[Data excerpts]
******************************

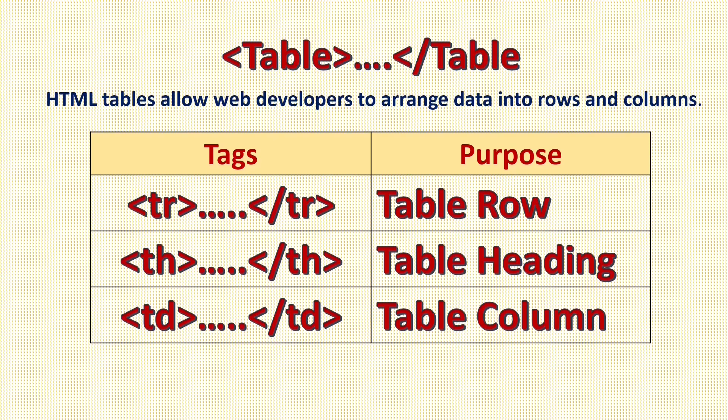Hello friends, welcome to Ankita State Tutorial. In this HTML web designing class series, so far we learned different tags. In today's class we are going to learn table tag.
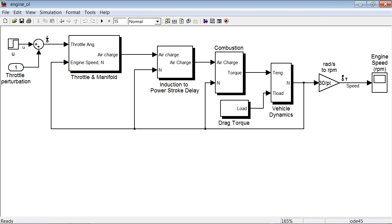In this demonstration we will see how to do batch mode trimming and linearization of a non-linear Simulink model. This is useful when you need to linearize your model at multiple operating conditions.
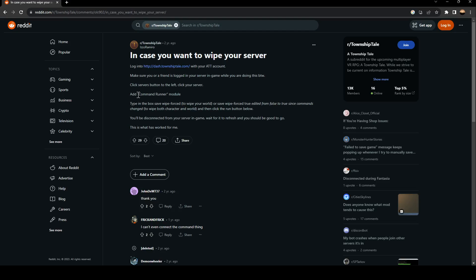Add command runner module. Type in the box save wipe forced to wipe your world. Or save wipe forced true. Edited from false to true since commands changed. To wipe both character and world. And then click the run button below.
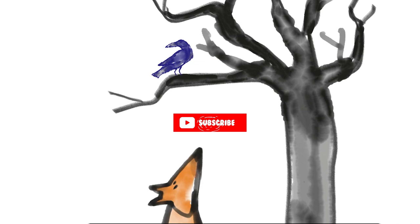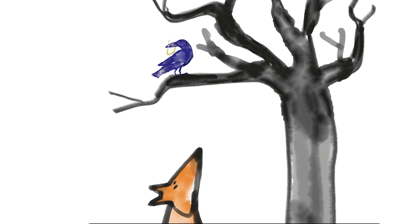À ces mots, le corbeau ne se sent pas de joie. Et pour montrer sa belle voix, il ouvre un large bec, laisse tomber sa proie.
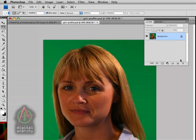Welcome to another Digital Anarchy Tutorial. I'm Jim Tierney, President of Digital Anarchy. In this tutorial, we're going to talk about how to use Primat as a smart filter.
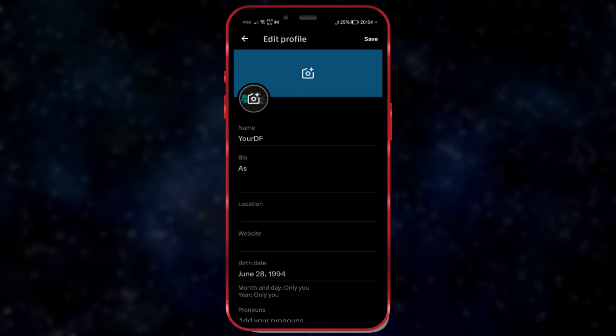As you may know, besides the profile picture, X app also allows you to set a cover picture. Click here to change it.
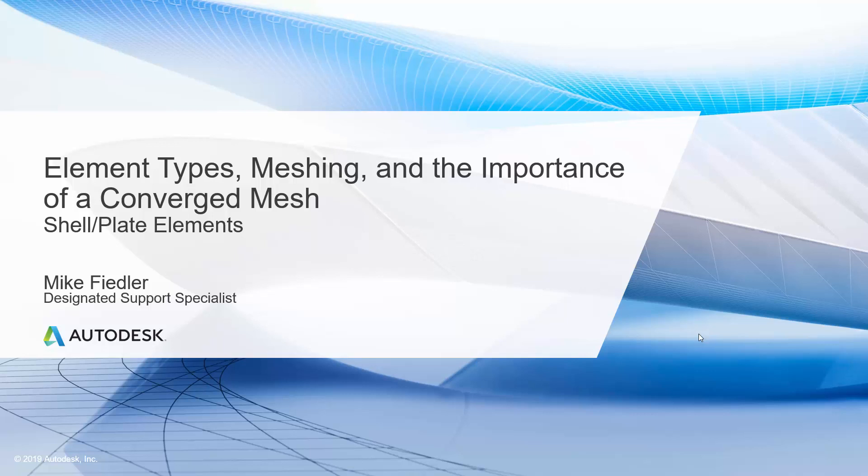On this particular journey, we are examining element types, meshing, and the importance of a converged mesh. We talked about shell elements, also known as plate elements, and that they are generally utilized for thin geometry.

******************************

— Task item —
Repeat, exactly and only, the lines from the one containing "À ces mots, le" through the final line of the data, both ends included, leaving out any picture.

— Exercise answer —
À ces mots, le corbeau ne se sent pas de joie. Et pour montrer sa belle voix, il ouvre un large bec, laisse tomber sa proie.
Welcome to another Digital Anarchy Tutorial. I'm Jim Tierney, President of Digital Anarchy. In this tutorial, we're going to talk about how to use Primat as a smart filter.
As you may know, besides the profile picture, X app also allows you to set a cover picture. Click here to change it.
On this particular journey, we are examining element types, meshing, and the importance of a converged mesh. We talked about shell elements, also known as plate elements, and that they are generally utilized for thin geometry.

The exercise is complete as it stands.